Data:
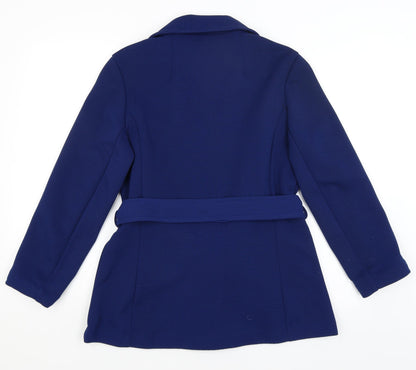 Bickler Womens Blue   Jacket  Size S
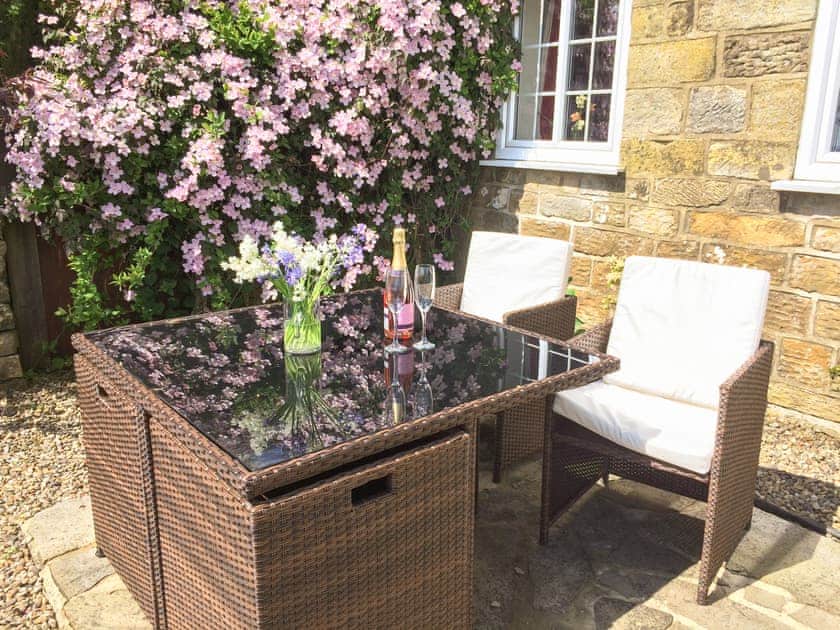 Outdoor area | Smuggler’s View, Ravenscar, near Robin Hoods Bay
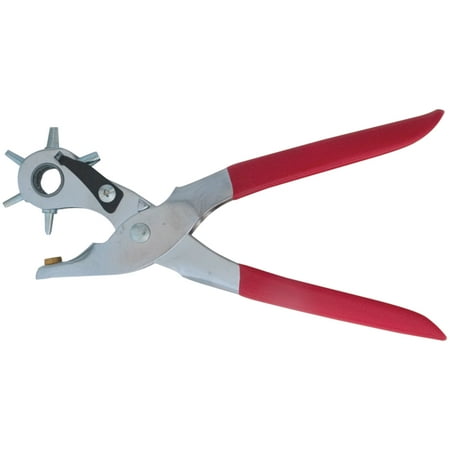 UPC: 0870192002430 | Realeather Rotary Leather Punch  6 Holes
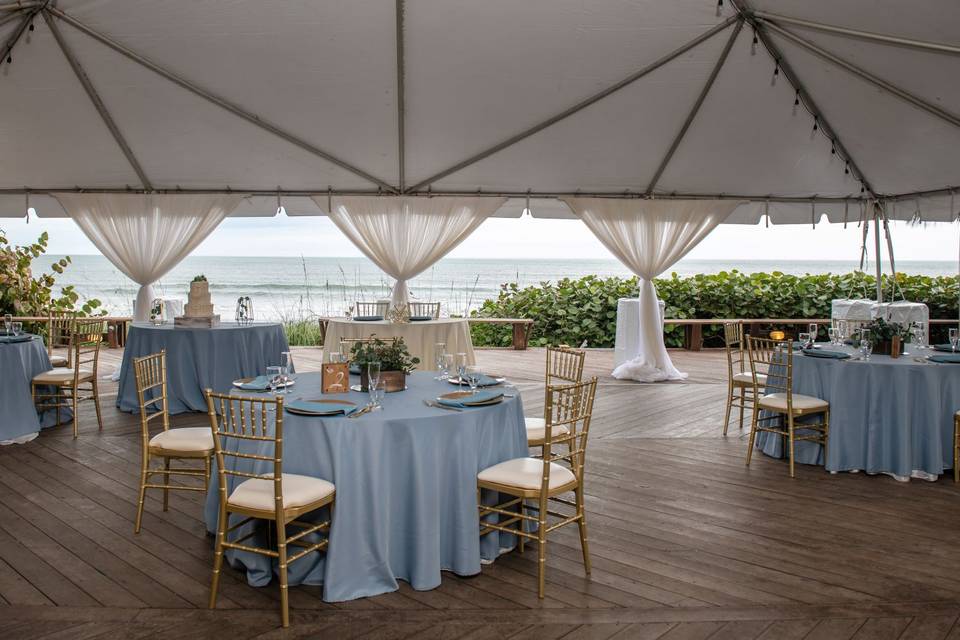 Oceanfront Tented Pavilion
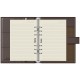 Organizer A5 Nappa Brown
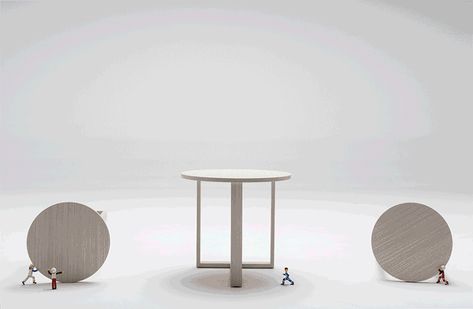 NYFU-2-TribecaNestingTable.gif Furniture Gif, Iconic Furniture Design, Home Theater Furniture, 3 Piece Coffee Table Set, Nyc Living, Transforming Furniture, Calendar Of Events, Joy Of Living, Iconic Furniture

Exercise directions:
If an entry holds a picture, leave the picture out and repeat the rest exactly.

Solution:
 Bickler Womens Blue   Jacket  Size S
 Outdoor area | Smuggler’s View, Ravenscar, near Robin Hoods Bay
 UPC: 0870192002430 | Realeather Rotary Leather Punch  6 Holes
 Oceanfront Tented Pavilion
 Organizer A5 Nappa Brown
 NYFU-2-TribecaNestingTable.gif Furniture Gif, Iconic Furniture Design, Home Theater Furniture, 3 Piece Coffee Table Set, Nyc Living, Transforming Furniture, Calendar Of Events, Joy Of Living, Iconic Furniture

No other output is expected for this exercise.